CVSA tells FMCSA “too many exemptions”

The Commercial Vehicle Safety Alliance sent a letter to the Federal Motor Carrier Safety Administration expressing concern over the number of regulatory exemptions the agency has granted over the past year.

The organization argued that inspectors face a growing burden in keeping track of exemptions and how and when they are applied. Moreover, training agencies are required to making sure inspectors are up-to-date with new exemptions, increasing the costs of training and time inspectors are taken away from their duties.

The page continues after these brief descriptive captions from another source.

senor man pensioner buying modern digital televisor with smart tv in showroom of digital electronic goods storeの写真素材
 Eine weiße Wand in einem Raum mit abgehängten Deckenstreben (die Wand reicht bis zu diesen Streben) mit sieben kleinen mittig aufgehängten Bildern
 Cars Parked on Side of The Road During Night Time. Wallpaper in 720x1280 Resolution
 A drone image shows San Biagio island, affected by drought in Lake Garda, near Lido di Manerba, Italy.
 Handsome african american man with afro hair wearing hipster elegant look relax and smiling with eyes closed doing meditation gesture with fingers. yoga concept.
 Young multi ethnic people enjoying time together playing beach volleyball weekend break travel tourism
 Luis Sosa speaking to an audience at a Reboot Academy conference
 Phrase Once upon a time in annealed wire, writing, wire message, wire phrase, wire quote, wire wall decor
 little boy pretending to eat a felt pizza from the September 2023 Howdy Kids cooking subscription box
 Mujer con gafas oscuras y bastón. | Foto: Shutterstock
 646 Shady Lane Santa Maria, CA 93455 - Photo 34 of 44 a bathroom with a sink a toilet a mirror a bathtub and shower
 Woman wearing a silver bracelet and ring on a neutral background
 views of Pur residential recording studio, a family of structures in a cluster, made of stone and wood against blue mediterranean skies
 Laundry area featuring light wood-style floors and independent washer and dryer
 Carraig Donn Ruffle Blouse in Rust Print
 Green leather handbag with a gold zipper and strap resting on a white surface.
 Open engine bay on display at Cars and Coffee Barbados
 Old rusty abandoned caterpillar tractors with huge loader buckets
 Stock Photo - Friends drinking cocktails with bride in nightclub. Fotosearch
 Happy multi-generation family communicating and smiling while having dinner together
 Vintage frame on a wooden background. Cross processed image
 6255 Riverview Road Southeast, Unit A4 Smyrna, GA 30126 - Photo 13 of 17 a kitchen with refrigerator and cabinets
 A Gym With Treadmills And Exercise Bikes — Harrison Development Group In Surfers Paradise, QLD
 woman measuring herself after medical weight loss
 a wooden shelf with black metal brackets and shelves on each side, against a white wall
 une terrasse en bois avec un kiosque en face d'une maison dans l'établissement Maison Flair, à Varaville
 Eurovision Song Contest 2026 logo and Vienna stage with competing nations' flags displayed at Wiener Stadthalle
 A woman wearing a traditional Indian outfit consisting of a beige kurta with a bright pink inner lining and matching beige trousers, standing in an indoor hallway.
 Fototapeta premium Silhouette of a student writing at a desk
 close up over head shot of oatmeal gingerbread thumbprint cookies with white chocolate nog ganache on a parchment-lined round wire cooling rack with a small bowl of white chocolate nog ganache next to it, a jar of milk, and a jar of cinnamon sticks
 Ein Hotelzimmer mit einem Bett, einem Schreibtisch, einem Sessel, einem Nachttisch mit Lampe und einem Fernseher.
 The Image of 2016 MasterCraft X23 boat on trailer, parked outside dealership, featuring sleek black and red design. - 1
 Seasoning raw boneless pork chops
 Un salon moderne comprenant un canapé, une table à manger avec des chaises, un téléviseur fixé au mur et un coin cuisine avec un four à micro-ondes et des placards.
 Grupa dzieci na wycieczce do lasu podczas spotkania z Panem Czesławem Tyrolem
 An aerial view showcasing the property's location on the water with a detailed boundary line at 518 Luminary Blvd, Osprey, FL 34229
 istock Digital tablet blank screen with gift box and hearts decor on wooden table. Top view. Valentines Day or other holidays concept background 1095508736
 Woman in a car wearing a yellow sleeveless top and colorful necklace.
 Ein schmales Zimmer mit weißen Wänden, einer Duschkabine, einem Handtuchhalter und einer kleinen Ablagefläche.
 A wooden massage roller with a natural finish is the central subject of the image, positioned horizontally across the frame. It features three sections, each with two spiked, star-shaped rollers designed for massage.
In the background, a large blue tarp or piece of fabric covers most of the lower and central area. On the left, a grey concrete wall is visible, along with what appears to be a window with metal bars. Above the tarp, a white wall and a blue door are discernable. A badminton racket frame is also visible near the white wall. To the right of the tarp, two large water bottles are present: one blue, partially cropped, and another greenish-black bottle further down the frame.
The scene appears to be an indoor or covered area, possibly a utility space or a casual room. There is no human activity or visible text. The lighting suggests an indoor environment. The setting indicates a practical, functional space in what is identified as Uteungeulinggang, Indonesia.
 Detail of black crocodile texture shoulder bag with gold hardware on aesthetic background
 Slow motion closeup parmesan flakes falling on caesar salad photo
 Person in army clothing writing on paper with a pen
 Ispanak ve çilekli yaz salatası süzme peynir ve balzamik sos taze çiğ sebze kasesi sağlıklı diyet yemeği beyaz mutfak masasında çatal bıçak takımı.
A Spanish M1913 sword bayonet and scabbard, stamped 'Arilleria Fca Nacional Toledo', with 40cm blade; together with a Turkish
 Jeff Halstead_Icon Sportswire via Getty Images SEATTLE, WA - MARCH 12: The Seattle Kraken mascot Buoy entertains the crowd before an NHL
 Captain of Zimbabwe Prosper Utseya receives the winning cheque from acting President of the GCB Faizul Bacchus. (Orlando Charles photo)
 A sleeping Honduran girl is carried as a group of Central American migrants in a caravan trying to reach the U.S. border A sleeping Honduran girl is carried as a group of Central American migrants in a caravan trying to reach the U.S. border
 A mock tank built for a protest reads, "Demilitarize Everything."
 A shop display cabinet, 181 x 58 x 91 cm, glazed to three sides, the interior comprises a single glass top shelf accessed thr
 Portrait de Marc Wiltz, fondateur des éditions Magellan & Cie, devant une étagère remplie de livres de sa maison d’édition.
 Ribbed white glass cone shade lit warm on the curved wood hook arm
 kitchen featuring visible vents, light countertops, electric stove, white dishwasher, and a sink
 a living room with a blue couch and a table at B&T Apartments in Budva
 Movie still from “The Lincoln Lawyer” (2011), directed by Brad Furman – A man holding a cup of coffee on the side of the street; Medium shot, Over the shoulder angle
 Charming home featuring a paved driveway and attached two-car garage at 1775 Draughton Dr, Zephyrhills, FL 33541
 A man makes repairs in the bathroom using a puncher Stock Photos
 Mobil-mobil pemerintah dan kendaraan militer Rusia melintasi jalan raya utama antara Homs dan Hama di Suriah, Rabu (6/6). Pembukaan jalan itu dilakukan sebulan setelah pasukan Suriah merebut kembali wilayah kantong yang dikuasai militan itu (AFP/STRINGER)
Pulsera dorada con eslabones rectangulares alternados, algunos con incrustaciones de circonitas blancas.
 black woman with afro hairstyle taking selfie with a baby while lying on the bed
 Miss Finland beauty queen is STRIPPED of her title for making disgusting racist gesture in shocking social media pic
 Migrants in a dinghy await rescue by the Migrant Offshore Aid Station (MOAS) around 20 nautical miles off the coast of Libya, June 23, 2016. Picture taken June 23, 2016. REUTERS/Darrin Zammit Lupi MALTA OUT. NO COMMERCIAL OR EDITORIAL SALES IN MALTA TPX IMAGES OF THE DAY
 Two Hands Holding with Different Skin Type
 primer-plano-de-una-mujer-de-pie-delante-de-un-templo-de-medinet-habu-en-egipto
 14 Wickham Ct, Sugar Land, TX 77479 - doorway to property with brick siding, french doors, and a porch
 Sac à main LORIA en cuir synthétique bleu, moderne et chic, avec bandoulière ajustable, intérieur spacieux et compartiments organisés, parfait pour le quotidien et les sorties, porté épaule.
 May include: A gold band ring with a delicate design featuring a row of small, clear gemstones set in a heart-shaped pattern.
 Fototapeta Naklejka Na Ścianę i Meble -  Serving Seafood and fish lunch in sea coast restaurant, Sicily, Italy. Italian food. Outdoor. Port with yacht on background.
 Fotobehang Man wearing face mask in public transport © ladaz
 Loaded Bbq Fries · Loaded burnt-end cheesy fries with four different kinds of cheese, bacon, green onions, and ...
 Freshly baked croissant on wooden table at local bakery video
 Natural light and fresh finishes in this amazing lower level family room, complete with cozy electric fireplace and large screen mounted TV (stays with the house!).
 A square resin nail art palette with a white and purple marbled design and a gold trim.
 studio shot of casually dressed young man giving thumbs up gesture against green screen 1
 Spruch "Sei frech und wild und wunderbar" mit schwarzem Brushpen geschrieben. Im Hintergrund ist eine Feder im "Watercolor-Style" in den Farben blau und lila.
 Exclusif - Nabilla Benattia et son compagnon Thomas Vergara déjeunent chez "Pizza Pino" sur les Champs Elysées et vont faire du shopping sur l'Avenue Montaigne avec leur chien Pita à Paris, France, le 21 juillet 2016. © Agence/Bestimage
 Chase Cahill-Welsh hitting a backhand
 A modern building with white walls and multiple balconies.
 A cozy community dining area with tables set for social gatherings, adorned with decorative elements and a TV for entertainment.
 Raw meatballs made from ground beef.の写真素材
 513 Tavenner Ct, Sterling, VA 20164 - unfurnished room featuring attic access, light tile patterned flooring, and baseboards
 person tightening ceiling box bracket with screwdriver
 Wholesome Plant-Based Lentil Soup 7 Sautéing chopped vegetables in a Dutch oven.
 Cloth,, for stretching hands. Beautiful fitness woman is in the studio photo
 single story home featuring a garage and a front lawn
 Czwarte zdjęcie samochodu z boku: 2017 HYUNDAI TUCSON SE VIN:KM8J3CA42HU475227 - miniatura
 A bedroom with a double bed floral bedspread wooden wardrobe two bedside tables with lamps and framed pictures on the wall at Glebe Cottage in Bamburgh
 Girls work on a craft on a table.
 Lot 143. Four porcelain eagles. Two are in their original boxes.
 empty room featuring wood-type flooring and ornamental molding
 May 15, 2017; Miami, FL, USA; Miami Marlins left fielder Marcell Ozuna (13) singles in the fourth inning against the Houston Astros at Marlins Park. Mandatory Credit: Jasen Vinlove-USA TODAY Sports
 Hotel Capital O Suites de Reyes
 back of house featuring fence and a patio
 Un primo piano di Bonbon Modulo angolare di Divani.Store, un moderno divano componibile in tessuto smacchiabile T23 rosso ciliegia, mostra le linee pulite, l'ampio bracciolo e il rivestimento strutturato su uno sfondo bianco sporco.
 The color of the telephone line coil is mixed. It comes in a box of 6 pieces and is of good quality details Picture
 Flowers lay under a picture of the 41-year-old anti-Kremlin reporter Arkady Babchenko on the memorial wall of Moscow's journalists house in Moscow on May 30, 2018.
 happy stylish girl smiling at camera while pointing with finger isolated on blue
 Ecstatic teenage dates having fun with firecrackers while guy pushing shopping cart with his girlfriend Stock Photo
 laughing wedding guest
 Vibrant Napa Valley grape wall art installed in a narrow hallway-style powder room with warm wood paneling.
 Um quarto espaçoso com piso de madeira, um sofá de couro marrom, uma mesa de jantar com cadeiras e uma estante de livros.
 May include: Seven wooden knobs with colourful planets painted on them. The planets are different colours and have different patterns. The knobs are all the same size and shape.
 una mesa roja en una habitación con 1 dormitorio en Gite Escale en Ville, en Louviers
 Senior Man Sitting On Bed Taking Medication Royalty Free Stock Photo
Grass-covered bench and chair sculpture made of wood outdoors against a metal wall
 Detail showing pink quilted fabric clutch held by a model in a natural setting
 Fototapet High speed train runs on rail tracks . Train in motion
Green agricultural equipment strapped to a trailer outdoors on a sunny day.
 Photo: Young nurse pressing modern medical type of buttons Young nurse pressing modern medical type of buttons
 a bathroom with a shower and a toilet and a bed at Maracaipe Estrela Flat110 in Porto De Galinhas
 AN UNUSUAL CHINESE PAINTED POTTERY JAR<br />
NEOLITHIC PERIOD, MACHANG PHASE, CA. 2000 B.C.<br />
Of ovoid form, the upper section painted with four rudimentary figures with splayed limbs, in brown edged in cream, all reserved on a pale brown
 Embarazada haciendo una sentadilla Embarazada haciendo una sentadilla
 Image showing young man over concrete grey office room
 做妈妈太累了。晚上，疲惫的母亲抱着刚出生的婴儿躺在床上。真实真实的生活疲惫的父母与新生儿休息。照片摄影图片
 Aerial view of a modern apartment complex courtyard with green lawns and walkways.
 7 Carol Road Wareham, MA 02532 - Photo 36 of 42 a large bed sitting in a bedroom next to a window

“It is believed that with the allowance of such a large number of exemptions, the likelihood of achieving a level of safety equivalent to, or greater than, the level that is expected by the current regulation is in jeopardy,” reads the letter, signed by CVSA Executive Director Collin B. Mooney. “With so many exemptions, beyond those within the Federal Motor Carrier Safety Regulations, it is possible that roadside inspectors will no longer accurately enforce the regulations or may stop enforcing certain regulations all together.”

CVSA suggests that state and local enforcement agencies be included in new rule-making and exemption decisions because those entities perform most roadside inspections. The alliance also encouraged FMCSA to reduce the total number of exemptions it grants.

“While CVSA does not object to these exemptions on an individual basis, exemptions complicate the enforcement process, causing confusion and inconsistency in enforcement,” says the letter, “which undermines the very foundation of the federal commercial motor vehicle enforcement program: uniformity.”